Race Supporters: “Devote yourselves to prayer, being watchful and thankful.” Colossians 4:2 (NIV)
All races have race supporters. Our race supporters are people like you – the ones who lift Hannah up in prayer and who give encouraging notes and words. We can’t thank you enough! Last year, at JDRF’s Walk for the Cure at Carowinds, we had 56 walkers and our team raised over $19,000! This will surely lead us to the finish line of finding a cure in Hannah’s lifetime! We invite you to join our team. Our goal for this year is to raise $20,000. There are many opportunities for our supporters. Some set aside a certain time of day to pray for Hannah as she deals with her diabetes – especially during school hours. There are so many challenges that face her there. Others send in a financial contribution to the JDRF. For those who wish to make a tax deductible donation to the Juvenile Diabetes Research Foundation, we ask that you send a check in the enclosed envelope by March 27th. Every dollar brings us one step closer to a cure! Hannah and Zach love to look for those colored envelopes in the mail each day! Those who are able may choose to wear our special team shirt and walk with us on April 19, 2008 at Carowinds. We appreciate your support in any or all of these ways! For those who would like to join us in walking for a cure at Carowinds this year, you may register online by going to www.jdrf.org and click on “Walk for the Cure” logo. At that point, follow the directions for registration for the walk in Charlotte, NC, at Paramount’s Carowinds on April 19th. You will need to register under our team name, “Hannah’s Dream Team” – team captain – Jennie Costner. There are incentives for those who raise $100 or more.

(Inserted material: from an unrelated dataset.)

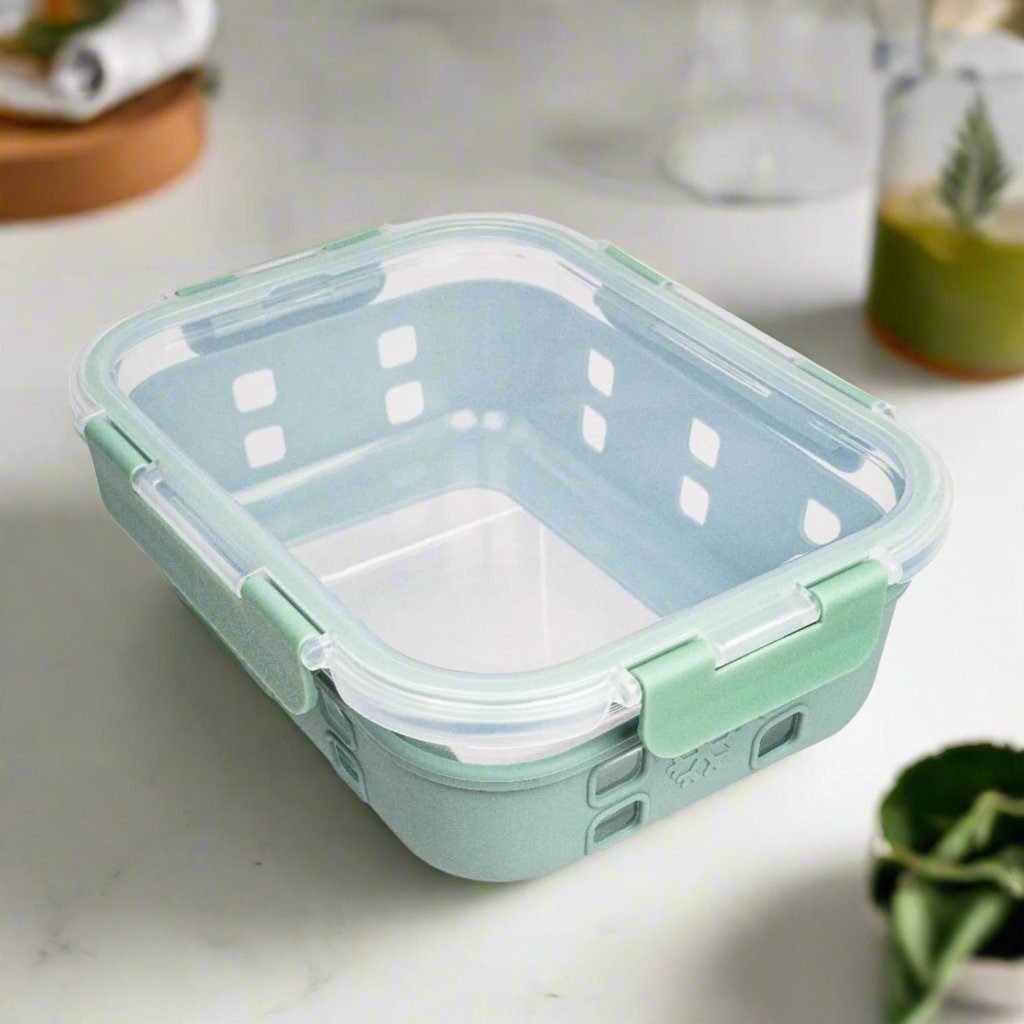 35.2 oz. Glass Meal Prep Container with Sage Silicone Sleeve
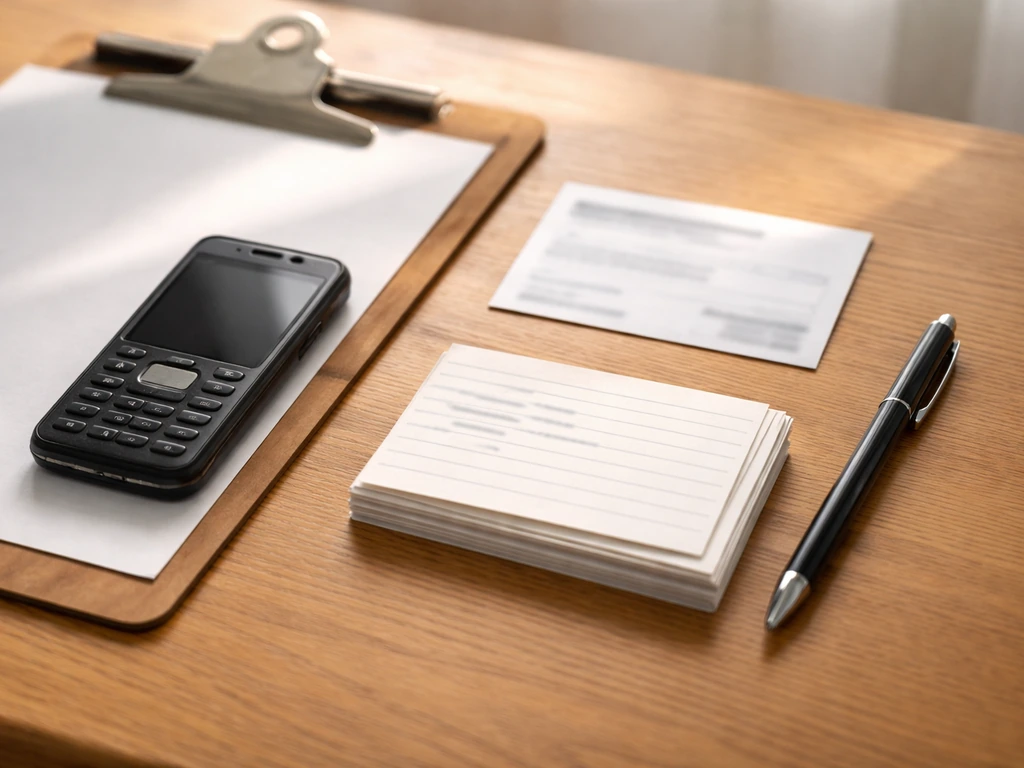 Close-up of a phone, contractor business card, and handwritten notes for cross-checking identifiers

I heard in a sermon this year that friends are a lot like stars – sometimes seen, but always there. We thank you for being Hannah’s stars.
“We always thank God for all of you, mentioning you in our prayers. We continually remember before our God and Father your work produced by faith, your labor prompted by love, and your endurance inspired by hope in our Lord Jesus Christ.” I Thessalonians 1:2-3 (NIV)
Finish Line: “For we walk by faith, not by sight.” 2 Corinthians 5:7 (KJV)
Hannah longs for the day when she won’t have to think about how many carbs she puts into her mouth. She dreams of the day when she won’t have to check her blood sugar 8 times (or more) per day. When will those annoying site changes and blood sugar checks be “history”? How much longer will she have to worry about “going low” or passing out? When will Mom and Dad finally get a full night’s uninterrupted sleep? When will Hannah finally get to enjoy regular ice cream or a Hershey bar – guilt-free? Will she ever be able to go on an overnight trip without having to worry about waking up in the middle of the night to check her blood sugar? When will she ever be able to do her ballet dancing or basketball playing without the worry of going “low”? Diabetes is not just a passing illness – it’s one she’ll never outgrow. And insulin is not a cure – only life support. The long term effects of diabetes are many, but we don’t choose to dwell on those. Our hope is that diabetes will be cured in her lifetime and we pray toward that end. The finish line – a cure for diabetes – awaits. The JDRF is dedicated to finding that cure. Thank you for joining us as we race together to the finish line!